Rzecznik praw obywatelskich chce wiedzieć, dlaczego rząd Beaty Szydło wycofał swoje poparcie dla dyrektywy w sprawie zakazu dyskryminacji w dostępie do towarów i usług poza miejscem zatrudnienia.
Regulacja, nad którą od kilku lat pracuje Komisja Europejska, ma zapewnić równe możliwości korzystania ze świadczeń socjalnych, ochrony zdrowia, edukacji i mieszkalnictwa bez względu na religię, światopogląd, niepełnosprawność, wiek lub orientację seksualną.
Jak pisaliśmy dwa miesiące temu, polskie władze uznały, że obowiązujące regulacje wystarczająco chronią prawa mniejszości i nie ma potrzeby wprowadzania kolejnej.
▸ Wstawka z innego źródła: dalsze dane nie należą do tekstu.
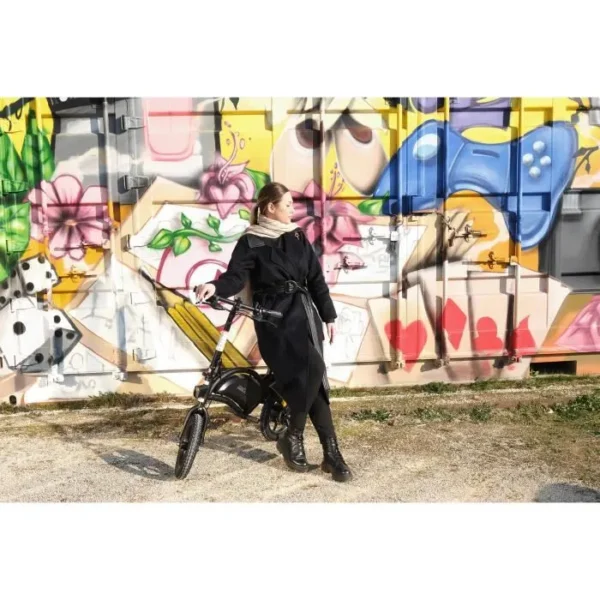 Draisienne électrique - URBANGLIDE - 160 BLACK - 36V - 350W - Pneus 16" - Autonomie 18KM - Vitesse max 25KM/h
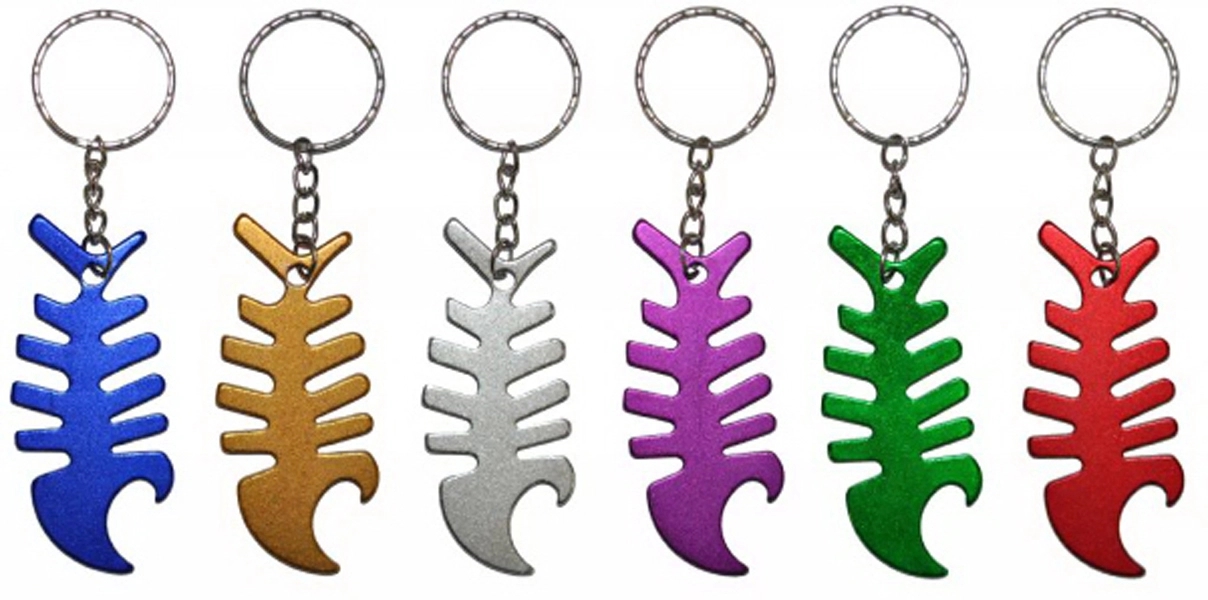 Fishbone Keyring Bottle Opener 1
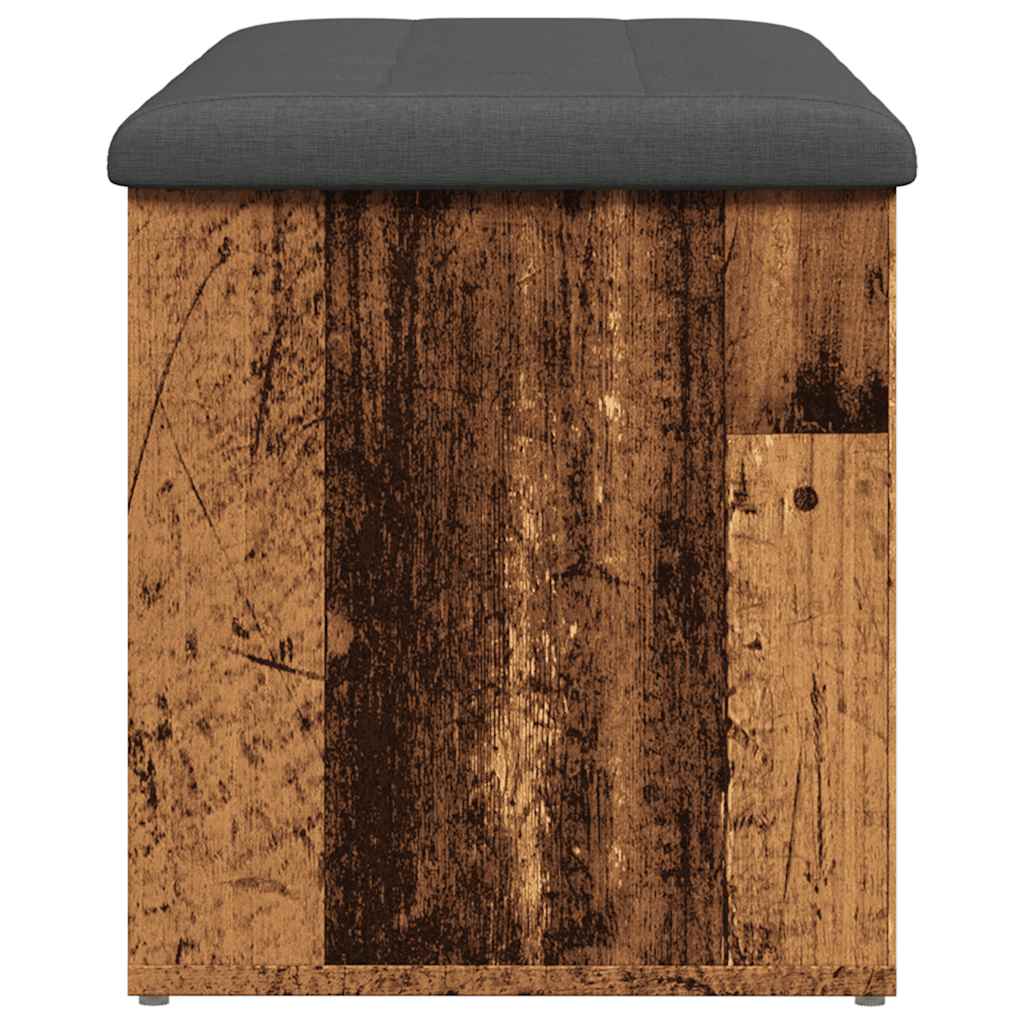 Opbergbankje 102x42x45 cm bewerkt hout oud houtkleurig is nu te koop bij PeponiXL, paradijselijk wonen!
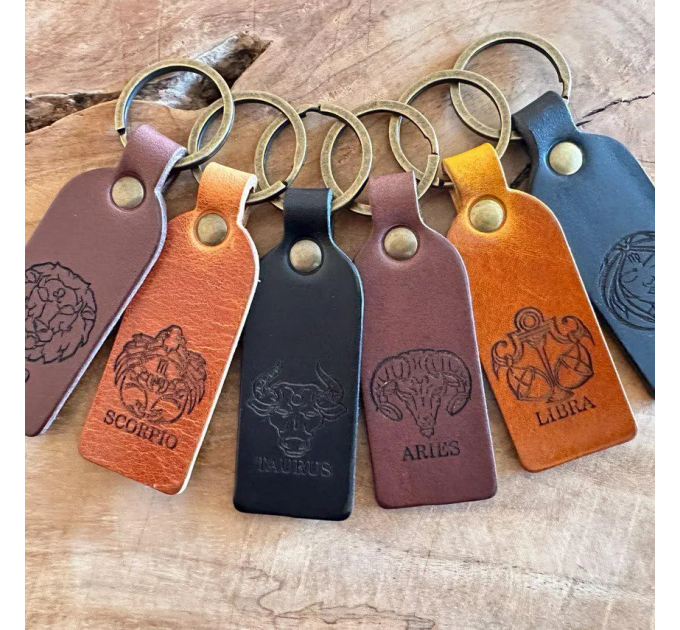 Handcrafted Personalised Leather Keychains - Make It Yours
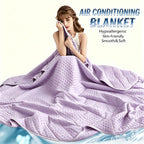Cooling Blanket Quilt Extra Large - Lightweight Breathable Air-Cooled Moisture-Wicking Comforter for Adults Summer Heat Machine Washable Fits Most Beds
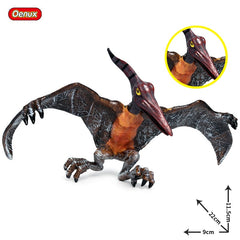 Oenux Prehistoric Jurassic Dinosaurs World Pterodactyl Saichania Animals Model Action Figures PVC High Quality Toy For Kids Gift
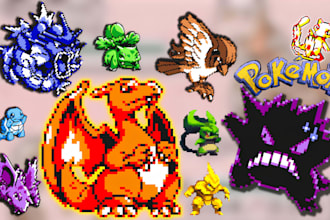 create pixel art character, pokemon style sprite, fakemon art, pokemon trainer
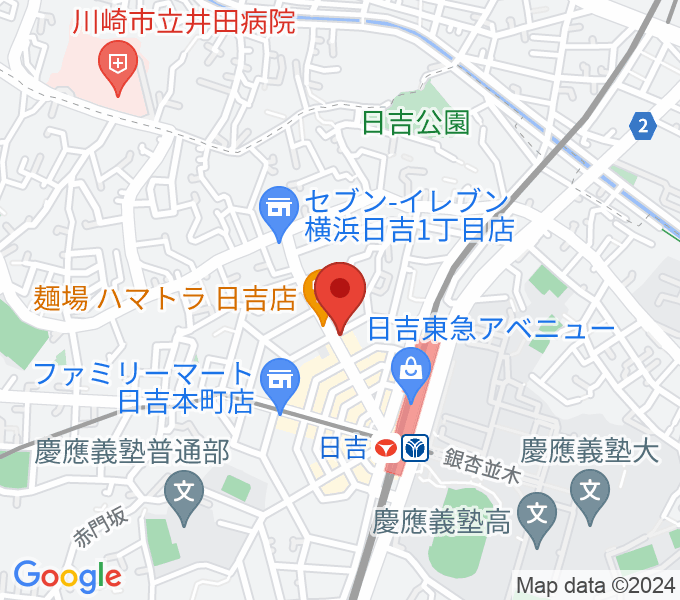 日吉Wonder Wall Yokohamaの場所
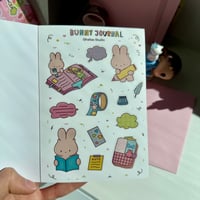 Image 2 of Bunny Journal Sticker Sheet 1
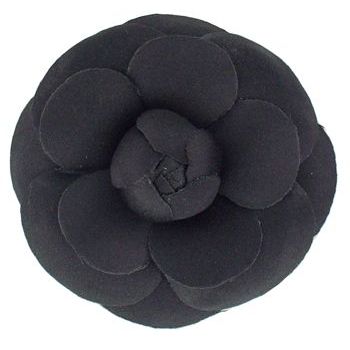 Karin's Garden - Classic Camellia Pin - Black (1)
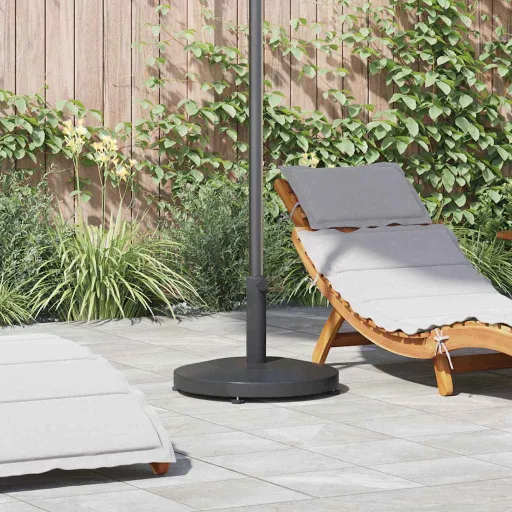 Base para Chapéu de Sol 24.6 kg Cinzento-Escuro Redondo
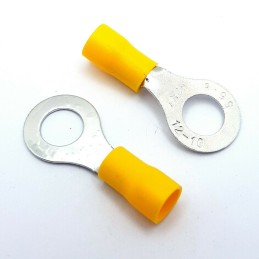 10 x 323989 Ring Tongue Terminal, M4, 8, 20 AWG, 0.518 mm², PIDG, Natural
Z taką oceną nie zgadza się jednak Adam Bodnar, który wystąpił właśnie do Adama Lipińskiego, nowego pełnomocnika rządu do spraw równego traktowania, o przedstawienie ekspertyz i opinii, mających wpływ na zmianę stanowiska Polski wobec projektowanej dyrektywy (rząd PO od początku deklarował poparcie dla jej przyjęcia).
Jak podkreśla RPO, obecne przepisy mają zastosowanie jedynie do przypadków nierównego traktowania w zatrudnieniu, pracy i szkoleniu zawodowym, dlatego też wymagają one uzupełnienia.
Rzecznik chce się w szczególności dowiedzieć, na jakiej podstawie rząd twierdzi, że w razie wprowadzenia przepisów dyrektywy dojdzie u nas do zwiększenia liczby spraw związanych z dyskryminacją ze względu na religię czy orientację seksualną. Dane na temat stosowania ustawy o równym traktowaniu z 2010 r., wdrażającej wcześniejsze unijne dyrektywy równościowe (Dz.U. z 2010 r. nr 254, poz. 1700), pokazują bowiem co innego. Jak twierdzi RPO, od początku obowiązywania tych regulacji prawomocnie zakończono zaledwie jedno postępowanie antydyskryminacyjne.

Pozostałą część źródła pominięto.